Trucks and buses make up just 2% of vehicles but are responsible for 28% of road transport CO2 emissions in Europe. As the EU prepares to tighten climate targets for heavy-duty vehicles in November, new analysis shows that the last heavy goods vehicles with engines will need to be sold by 2035 if polluting vehicles are to be off the road by 2050 – in line with the bloc’s net-zero emissions commitment.
Even with the current CO2 targets for truckmakers, trucks and buses would undo the entire emissions savings from cars and vans expected by 2030, the analysis by Transport & Environment (T&E) finds. This is being driven by increasing activity. CO2 emissions from heavy-duty vehicles increased by more than one-quarter between 1990 and 2019. Truck activity is expected to further increase by 44% between 2020 and 2050 and bus activity by 72%, according to the EU Commission.
Heavy-duty vehicles also burn massive amounts of oil. Currently, trucks and buses burn 42% of the diesel consumed by EU road transport.
Sofie Defour, clean trucks director at T&E, said: “Transport is Europe’s biggest climate problem and trucks play an outsized role that is still growing. Polluting trucks will undo all the emissions savings from electrifying cars in the 2020s unless the EU changes the trajectory.”
Ending the sale of new combustion engine freight trucks  in 2030 is the safest bet for the climate, but the reductions required might be too steep to implement without disruption. 2035 is the latest feasible date to reach 100% zero emission vehicle sales if we are to put road freight on track to reach zero emissions by mid-century, according to the emissions modelling by T&E. The 2035 scenario would leave only a small number of diesel vehicles – older than average retirement age – still on the road in 2050. Trucks in Europe currently have a lifespan of 18 years, on average.

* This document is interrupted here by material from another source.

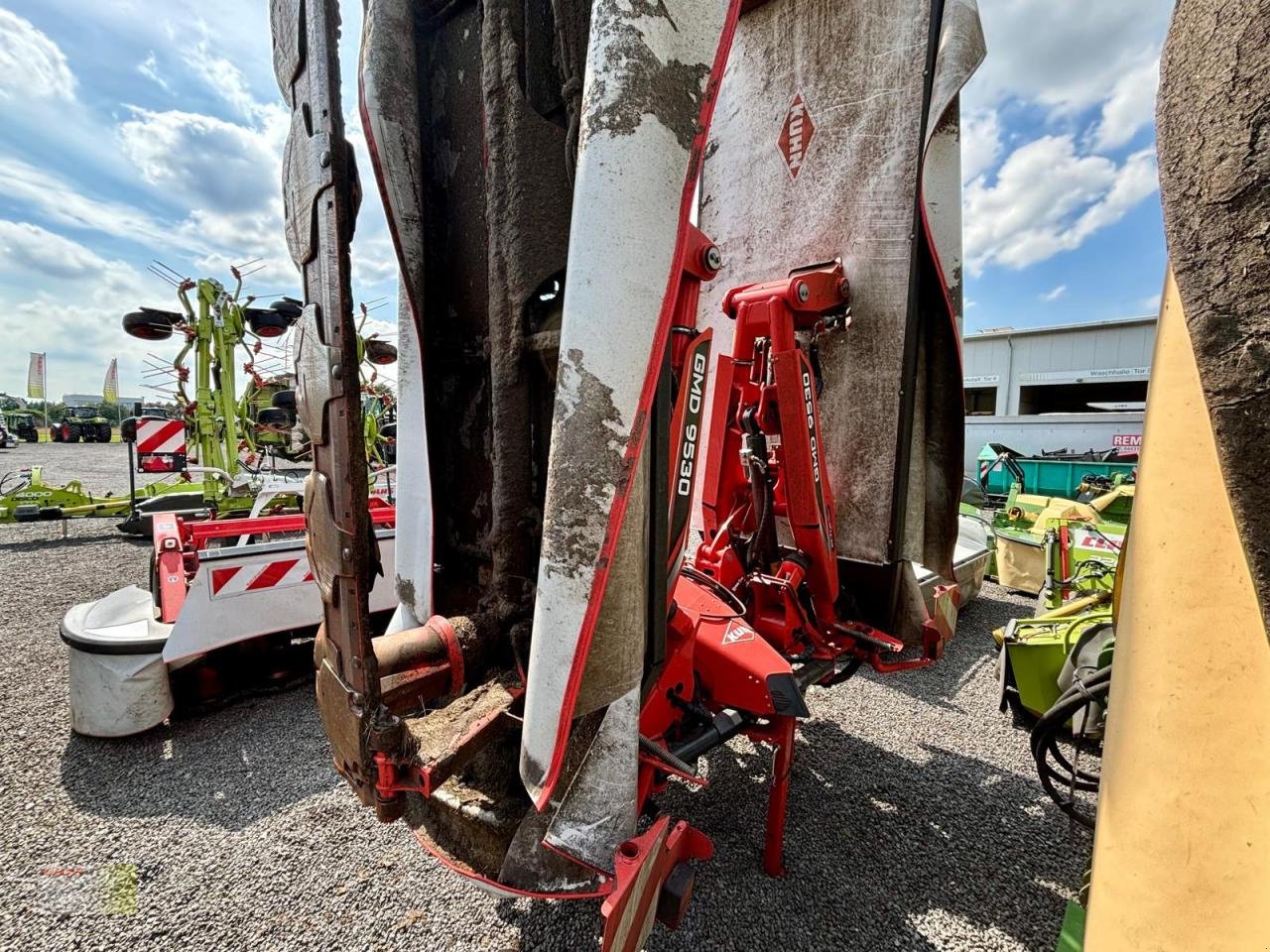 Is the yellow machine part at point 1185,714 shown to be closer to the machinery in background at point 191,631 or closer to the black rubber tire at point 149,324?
the machinery in background at point 191,631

Setting a 2040 deadline would be too late, resulting in trucks emitting 644 million tonnes of CO2 more by 2050 than under the 2035 scenario. That’s 4% of the EU’s total remaining carbon budget – equivalent to the current annual road transport emissions of Germany, France, UK, Italy, Spain and Poland combined. Delaying the end date for combustion engines to 2040 would also force lawmakers to take drastic and costly measures to remove the 20% of the truck fleet that would still run on diesel in 2050 in this scenario.

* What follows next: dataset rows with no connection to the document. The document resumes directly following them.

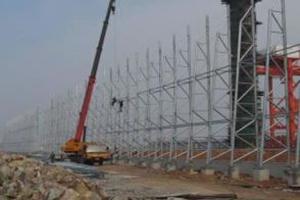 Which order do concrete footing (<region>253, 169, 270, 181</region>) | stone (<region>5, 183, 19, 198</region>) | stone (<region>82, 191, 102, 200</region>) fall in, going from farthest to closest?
1. concrete footing (<region>253, 169, 270, 181</region>)
2. stone (<region>5, 183, 19, 198</region>)
3. stone (<region>82, 191, 102, 200</region>)

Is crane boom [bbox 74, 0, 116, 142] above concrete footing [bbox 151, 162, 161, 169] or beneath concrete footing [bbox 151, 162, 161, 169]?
above

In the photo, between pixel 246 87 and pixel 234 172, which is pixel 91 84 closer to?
pixel 246 87

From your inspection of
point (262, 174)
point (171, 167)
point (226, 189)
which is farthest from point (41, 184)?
point (171, 167)

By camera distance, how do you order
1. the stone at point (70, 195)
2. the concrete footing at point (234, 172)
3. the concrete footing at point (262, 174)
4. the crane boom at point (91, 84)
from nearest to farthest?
the stone at point (70, 195)
the concrete footing at point (262, 174)
the concrete footing at point (234, 172)
the crane boom at point (91, 84)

Strong EU CO2 targets for truckmakers in 2030, leading up to a zero-emissions goal in 2035, would hold manufacturers to their electrification commitments, the study also finds. T&E’s 2035 ‘end date’ scenario would lead to 659,000 zero-emissions trucks on Europe’s roads in 2030 – roughly in line with truckmakers’ announcements. The consumption of diesel by European trucks and buses would be reduced by 9% by the end of the decade.
Sofie Defour said: “The review of the car and van standards has paved the way for trucks. Setting a 100% CO2 reduction target for 2035 will help Europe get the last diesel vehicles off its roads in time to help avoid climate catastrophe. Any later would mean a huge number of polluting trucks still being driven around in 2050.”
The current 2025 and 2030 standards for truck makers are too weak and would fail to reduce the CO2 emissions of heavy-duty vehicles, the analysis also finds. Under the current targets, heavy-duty vehicles would emit 32% more in 2030 than they did in 1990. There would be only 161,000 zero emission trucks on European roads (including the UK) in 2030, 74% less than what truckmakers are predicting.
T&E calls on the European Commission to propose the following targets when it revises the CO2 standards for heavy-duty vehicles in November:
- Set a 100% CO2 reduction target for medium and heavy trucks in 2035;
- Set a 100% zero emission sales target in 2027 for urban buses, in 2035 for small trucks and coaches, and in 2040 for vocational trucks;
- Raise the ambition of the 2030 CO2 reduction target to -65% for medium and heavy trucks;
- Introduce interim targets in 2027 to accelerate the transition;
- Introduce energy efficiency standards for trailers.
Note to editors:
 In all scenarios modelled, ‘vocational’ trucks – vehicles which are not used for goods delivery, eg construction trucks – reach 100% zero emission sales in 2040 as in some cases these may be harder to electrify.
All scenarios include the emissions reductions that will be achieved under the current 2025 and 2030 targets as a minimum and go beyond those, including the 2040 scenario.